**Assignment**
What you return should be the lines from the one with "Aquatic Evolution LLC - Visual" through the one with "Youtang Mk9700 Pure" in the data below, reproduced exactly with both ends, and no pictures at all.

**Records shown**
╭──
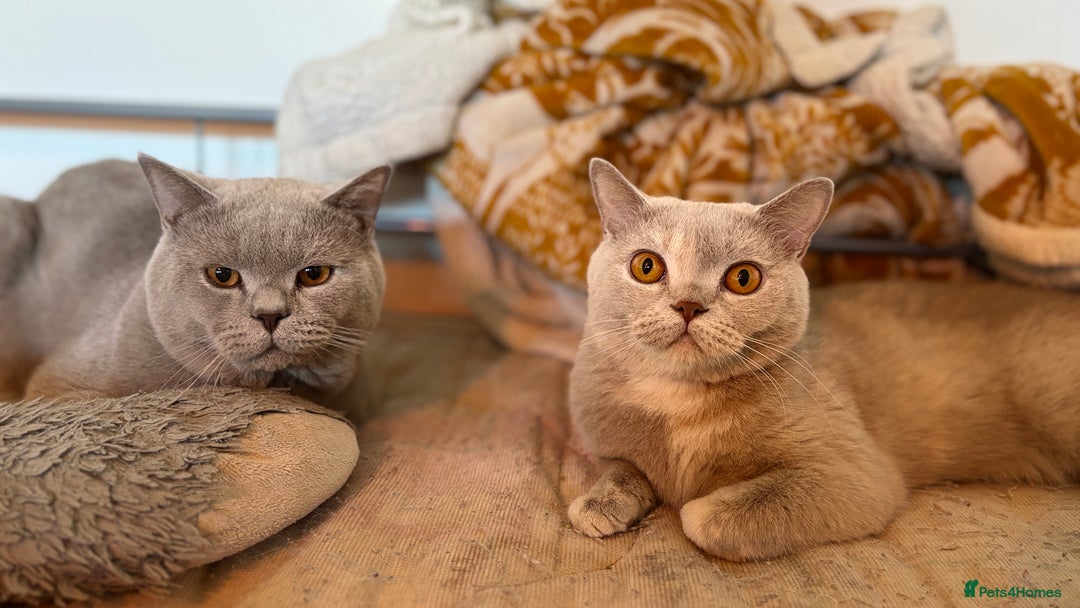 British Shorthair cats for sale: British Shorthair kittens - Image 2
╰──
╭──
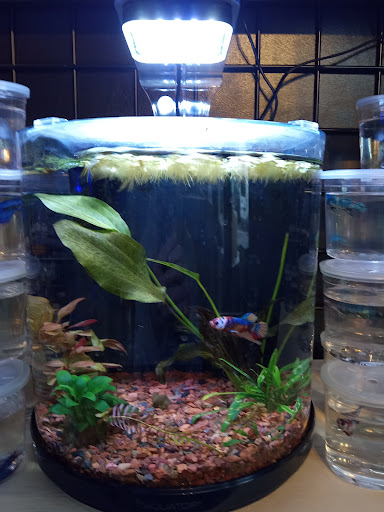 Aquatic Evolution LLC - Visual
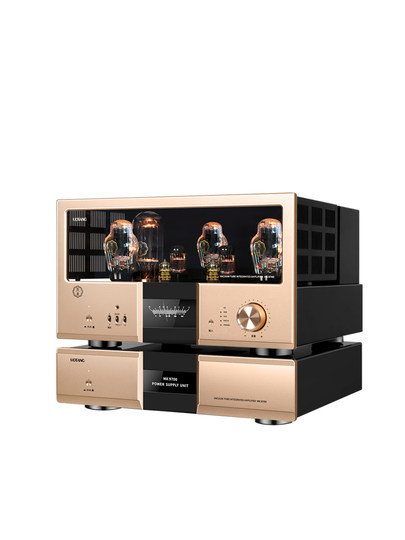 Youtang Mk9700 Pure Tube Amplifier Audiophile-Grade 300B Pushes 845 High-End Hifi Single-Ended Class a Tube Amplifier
╰──
**Task output**
 Aquatic Evolution LLC - Visual
 Youtang Mk9700 Pure Tube Amplifier Audiophile-Grade 300B Pushes 845 High-End Hifi Single-Ended Class a Tube Amplifier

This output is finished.